## REQUIREMENT
Could the lines from the one with "Light oak vinyl" through the end of the listing be restated exactly, with nothing else included?

## MATERIAL TO PROCESS
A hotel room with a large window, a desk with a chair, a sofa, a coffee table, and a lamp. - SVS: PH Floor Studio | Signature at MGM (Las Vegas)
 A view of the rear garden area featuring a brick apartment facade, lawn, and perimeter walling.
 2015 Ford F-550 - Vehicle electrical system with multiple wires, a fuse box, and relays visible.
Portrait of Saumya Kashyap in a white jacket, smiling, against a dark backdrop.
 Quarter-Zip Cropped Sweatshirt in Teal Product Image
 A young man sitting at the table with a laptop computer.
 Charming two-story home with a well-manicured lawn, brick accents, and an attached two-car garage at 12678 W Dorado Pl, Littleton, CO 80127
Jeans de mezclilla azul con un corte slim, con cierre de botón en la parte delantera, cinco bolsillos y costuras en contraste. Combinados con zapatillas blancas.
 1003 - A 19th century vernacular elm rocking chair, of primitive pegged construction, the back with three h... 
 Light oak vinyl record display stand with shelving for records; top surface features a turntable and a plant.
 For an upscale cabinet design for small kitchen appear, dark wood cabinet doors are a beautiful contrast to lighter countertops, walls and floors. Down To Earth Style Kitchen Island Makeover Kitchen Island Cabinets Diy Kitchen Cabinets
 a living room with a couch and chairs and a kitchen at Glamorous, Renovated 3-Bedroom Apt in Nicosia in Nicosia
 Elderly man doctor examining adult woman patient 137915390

## THE COMPLETED TASK
 Light oak vinyl record display stand with shelving for records; top surface features a turntable and a plant.
 For an upscale cabinet design for small kitchen appear, dark wood cabinet doors are a beautiful contrast to lighter countertops, walls and floors. Down To Earth Style Kitchen Island Makeover Kitchen Island Cabinets Diy Kitchen Cabinets
 a living room with a couch and chairs and a kitchen at Glamorous, Renovated 3-Bedroom Apt in Nicosia in Nicosia
 Elderly man doctor examining adult woman patient 137915390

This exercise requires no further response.